What you have to do –
Copy the listing verbatim, excluding any images found in it.

Task material –
=======

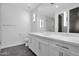 Well-lit bathroom with modern vanity, large mirror, and contrasting tile floor at 3718 E Sells Dr, Phoenix, AZ 85018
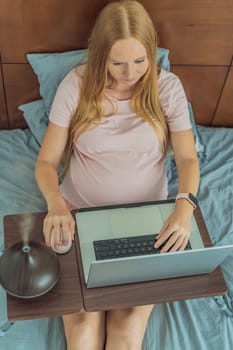 Multitasking expectant woman enhances her home workspace, using an aroma diffuser for a soothing atmosphere while working during pregnancy.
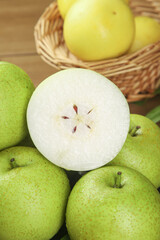 Fresh Green Pears with Sliced Cross-Section Showing White Flesh and Seeds, Organic Fruit Display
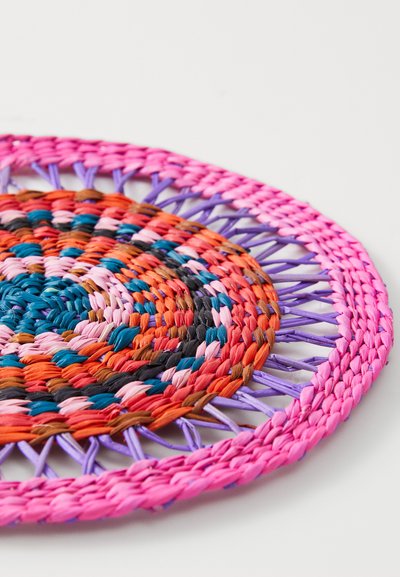 Round woven placemat in vibrant colors of pink, orange, blue, and purple. Features intricate braiding and a circular design.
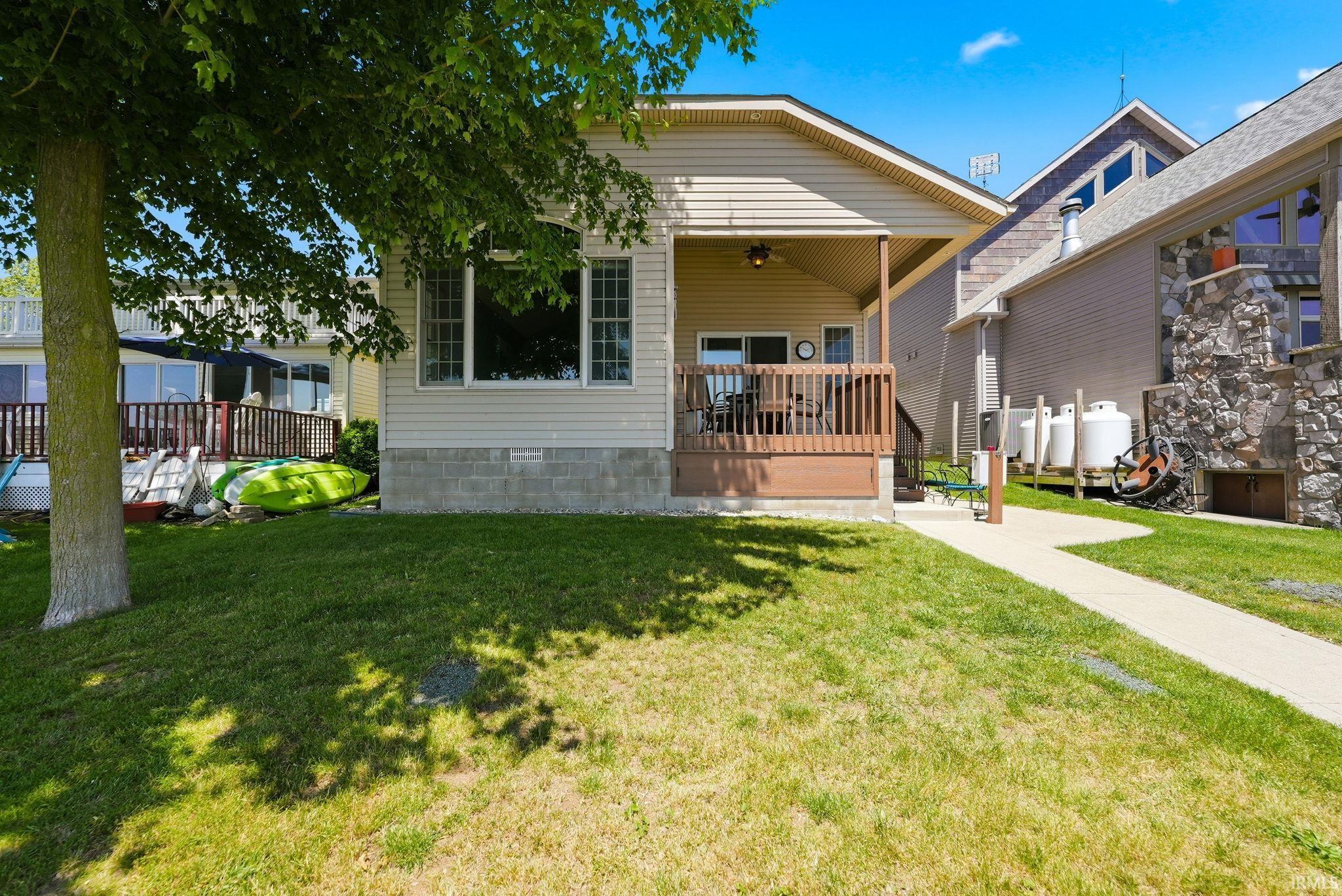 Image 0: Front facade with tan siding and a covered porch, Front Of Structure Image 0: Front facade with tan siding and a covered porch, Front Of Structure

=======

Response below –
 Well-lit bathroom with modern vanity, large mirror, and contrasting tile floor at 3718 E Sells Dr, Phoenix, AZ 85018
 Multitasking expectant woman enhances her home workspace, using an aroma diffuser for a soothing atmosphere while working during pregnancy.
 Fresh Green Pears with Sliced Cross-Section Showing White Flesh and Seeds, Organic Fruit Display
 Round woven placemat in vibrant colors of pink, orange, blue, and purple. Features intricate braiding and a circular design.
 Image 0: Front facade with tan siding and a covered porch, Front Of Structure Image 0: Front facade with tan siding and a covered porch, Front Of Structure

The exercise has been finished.